Chapter 8 – I Used Gel Skins Before They Were Cool

At the dawn of the new millennium — that is, February of 2001 — I took a four-month sabbatical from acting to study new media at The Canadian Film Centre. “New media” was what they called Web 2.0 before there was a Web 2.0, and Web 2.0 was what they called it before whatever it’s called now.

Why is any of this important? Only because I spent four intensive months in the company of other geeks, and for the first time didn’t have to keep my mobile phone lust in check. Add to this Fido‘s blanket 14-day no-questions-asked return policy on handsets. The result? I could justify burning through any number of Fido-branded phones in the name of “scholarly research”. And that’s exactly what I did.

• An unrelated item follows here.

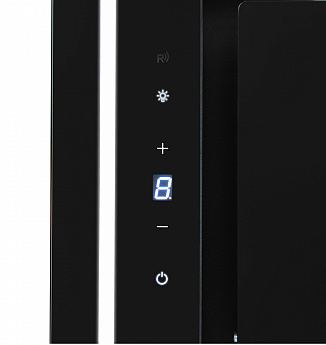 картинка Кухонная вытяжка Millen MBKHG 601 BL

First up was Motorola’s V2282. Two things drew me to it: (1) changeable plastic skins for customization not unlike my Nokia 5190, and (2) a built-in FM radio. Unfortunately, no amount of colourful plastic could hide the fact that this was one butt-ugly Moto. Truth be told, the cheap skins actually made the phone look more tawdry than without. And the FM radio, groundbreaking as it was for the time, didn’t end up being such a killer feature after all. Making a wired headset do double duty as an antenna was clever enough, but the bulk of the commuting I did in those days was underground on the Toronto Subway system — where there was no reception of any kind to be had. There still isn’t. We’re kind of backwards that way.

I don’t think this Moto lasted a week before I sent it back. Apparently it had a web browser, but I never used it. The mobile Internet would have to wait for my next handset.